[SUPPLIED MATERIAL Boundary: Start]

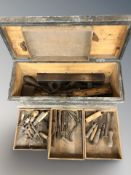 An antique pine joiner's toolbox containing woodworking tools.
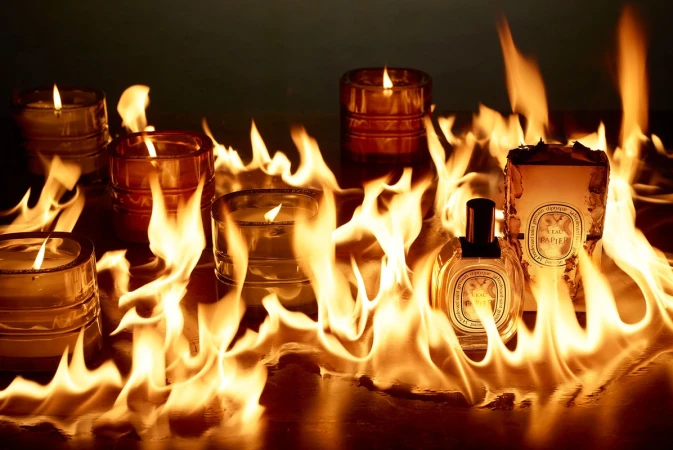 Burning candles and perfume bottles on a wood surface with flames licking up around the glass in a warm, fiery tableau.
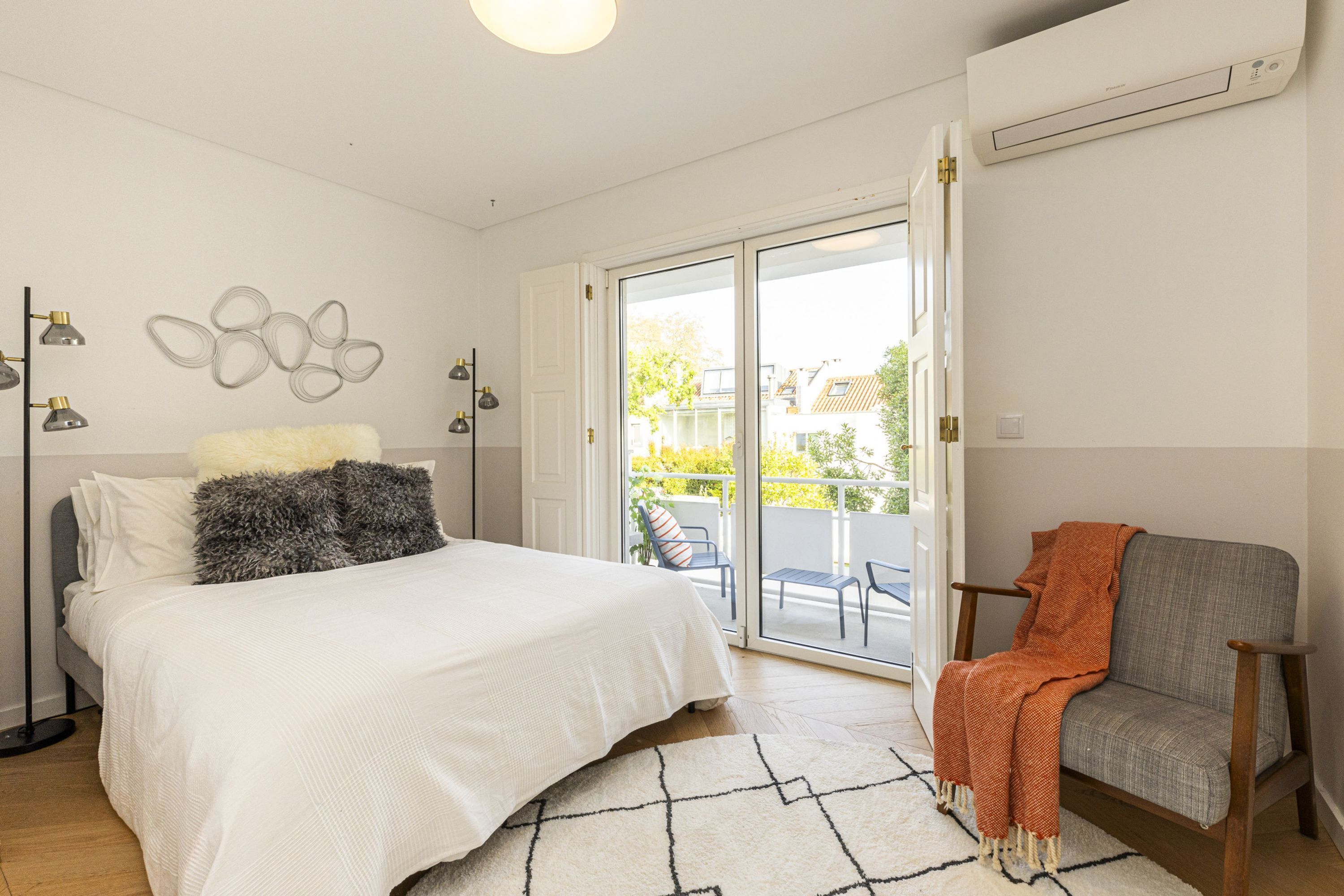 Un dormitorio con cama, una silla, un ventanal grande y un aire acondicionado instalado en la pared.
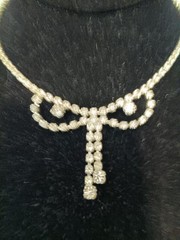 vintage 1950’s silver tone rhinestone dangle bow Tie necklace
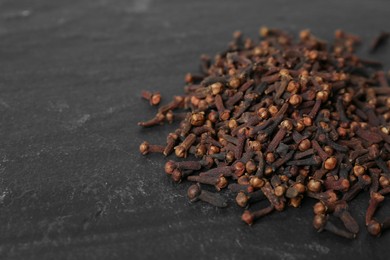 Photo of Pile of aromatic dry cloves on black table, closeup. Space for text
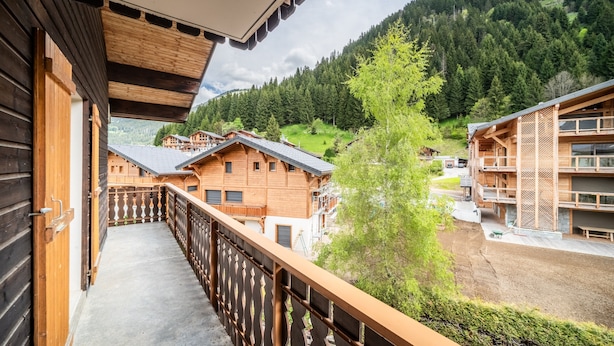 A wooden balcony with a view of a mountain and a village.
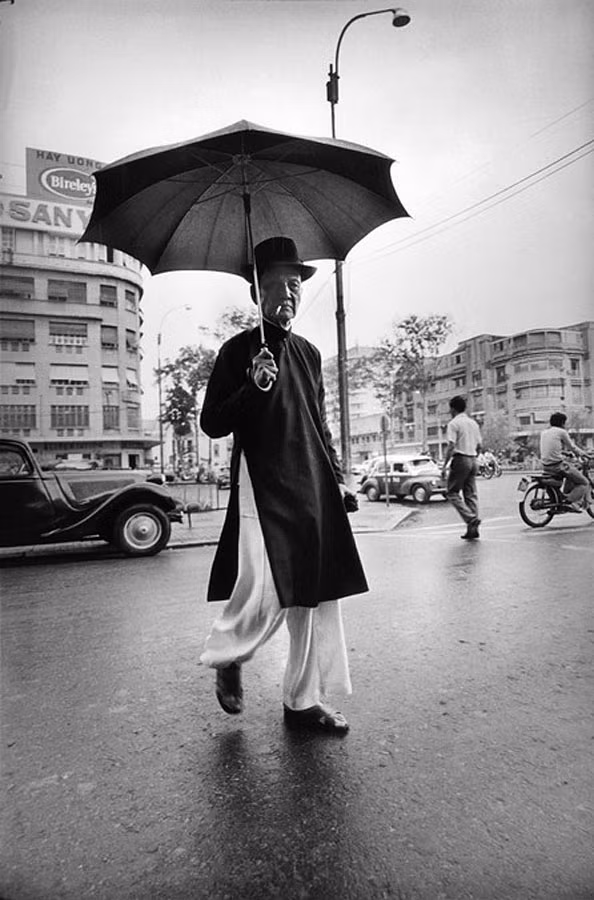 Cụ ông che ô trên đại lộ Nguyễn Huệ, gần thương xá Passage Eden.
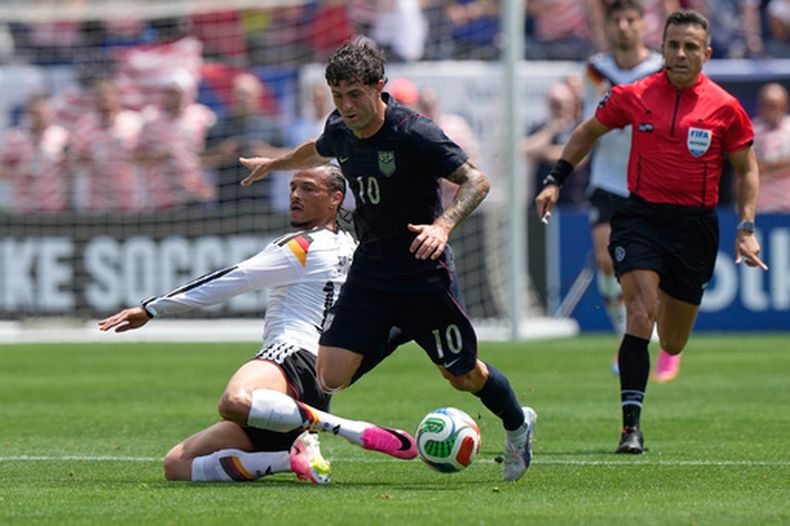 El atacante estadounidense Christian Pulisic (derecha) es derribado por el atacante alemán Leroy Sané durante un partido de las eliminatorias del Mundial, el sábado 6 de junio de 2026, en Chicago. (AP Foto/Nam Y. Huh)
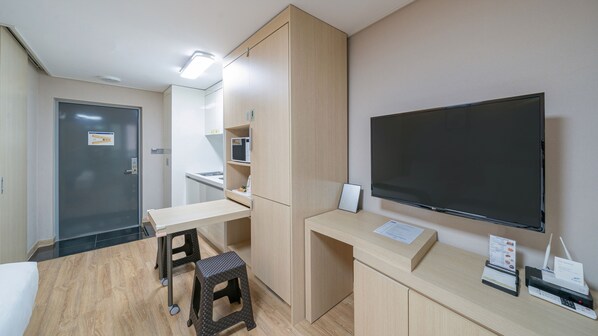 Une chambre d’hôtel compacte dotée d’une kitchenette, d’un grand téléviseur à écran plat, d’un bureau avec une chaise et d’un petit tabouret.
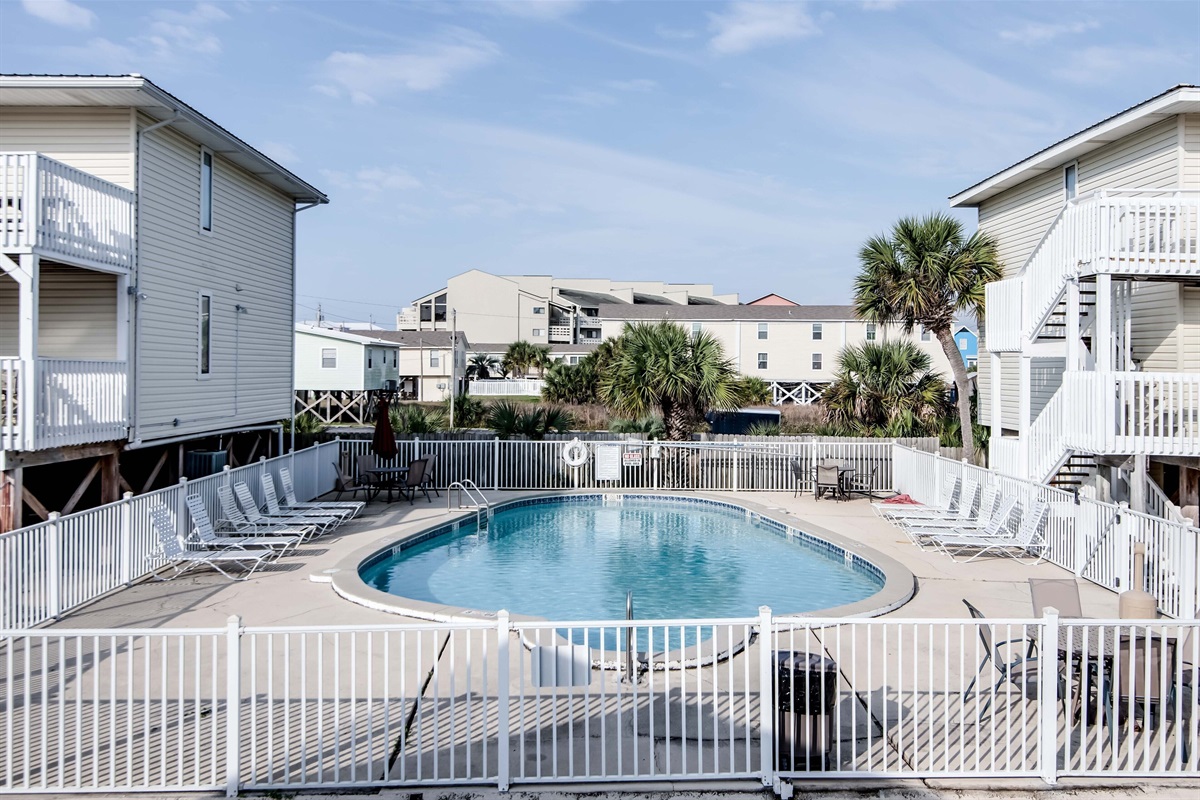 Outdoor Communal Pool - A large pool is just a few steps away from your unit, and provides plenty of seating, and loungers for relaxing in the sun.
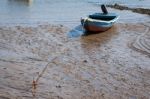 Boat Anchored On The Mud At Holy Island Stock Photo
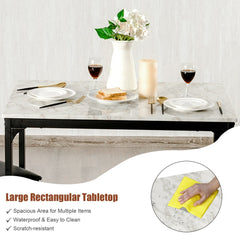 The white dining table has a large rectangular tabletop with a marble effect finish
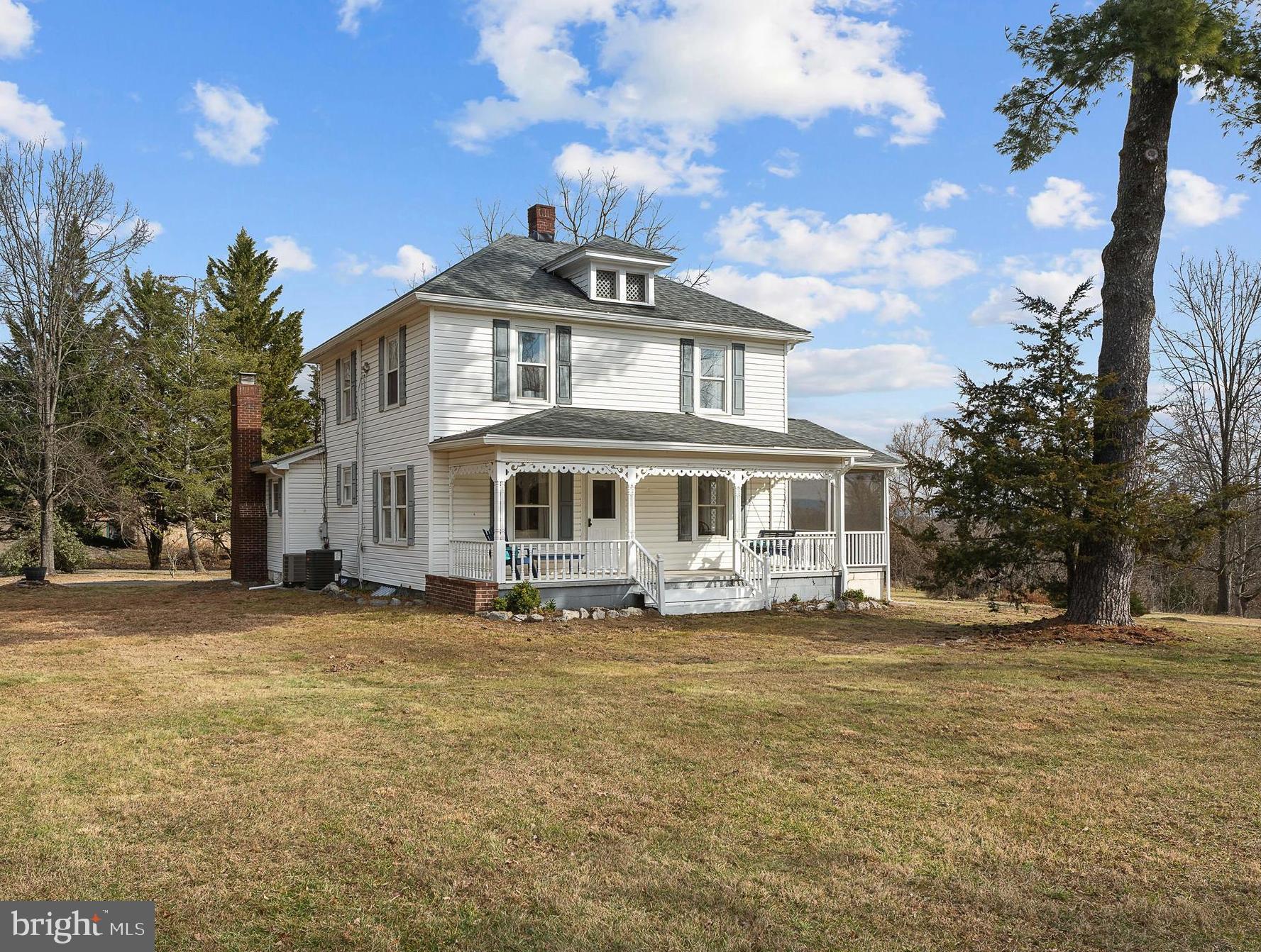 Medium sized house with a big heart in a small town! Seamlessly combining timeless charm and modern comfort, the home was fully renovated in 2023. This traditional four-square farmhouse boasts a new kitchen with quartz countertops, large family room, new bathrooms, restored hardwood floors, and much more! Outside the possibilities are endless on the 2.5 acres of unrestricted land. Close to downtown Berkeley Springs and schools. Schedule a showing today and seize the chance to call this countryside gem your own.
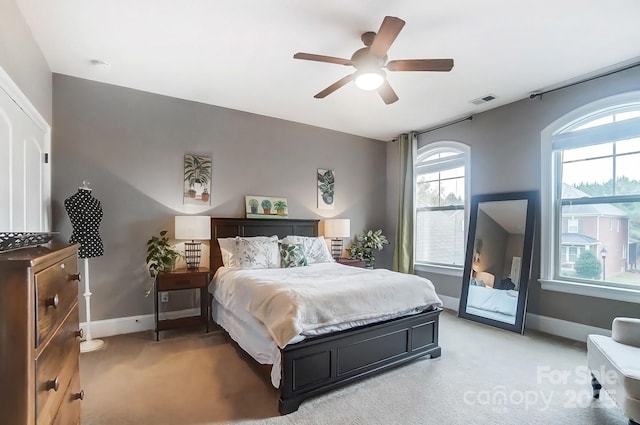 carpeted bedroom featuring ceiling fan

[SUPPLIED MATERIAL Boundary: End]

WHAT TO DO
Every record above should be set down exactly, with the pictures left out.

FINISHED EXERCISE
 An antique pine joiner's toolbox containing woodworking tools.
 Burning candles and perfume bottles on a wood surface with flames licking up around the glass in a warm, fiery tableau.
 Un dormitorio con cama, una silla, un ventanal grande y un aire acondicionado instalado en la pared.
 vintage 1950’s silver tone rhinestone dangle bow Tie necklace
 Photo of Pile of aromatic dry cloves on black table, closeup. Space for text
 A wooden balcony with a view of a mountain and a village.
 Cụ ông che ô trên đại lộ Nguyễn Huệ, gần thương xá Passage Eden.
 El atacante estadounidense Christian Pulisic (derecha) es derribado por el atacante alemán Leroy Sané durante un partido de las eliminatorias del Mundial, el sábado 6 de junio de 2026, en Chicago. (AP Foto/Nam Y. Huh)
 Une chambre d’hôtel compacte dotée d’une kitchenette, d’un grand téléviseur à écran plat, d’un bureau avec une chaise et d’un petit tabouret.
 Outdoor Communal Pool - A large pool is just a few steps away from your unit, and provides plenty of seating, and loungers for relaxing in the sun.
 Boat Anchored On The Mud At Holy Island Stock Photo
 The white dining table has a large rectangular tabletop with a marble effect finish
 Medium sized house with a big heart in a small town! Seamlessly combining timeless charm and modern comfort, the home was fully renovated in 2023. This traditional four-square farmhouse boasts a new kitchen with quartz countertops, large family room, new bathrooms, restored hardwood floors, and much more! Outside the possibilities are endless on the 2.5 acres of unrestricted land. Close to downtown Berkeley Springs and schools. Schedule a showing today and seize the chance to call this countryside gem your own.
 carpeted bedroom featuring ceiling fan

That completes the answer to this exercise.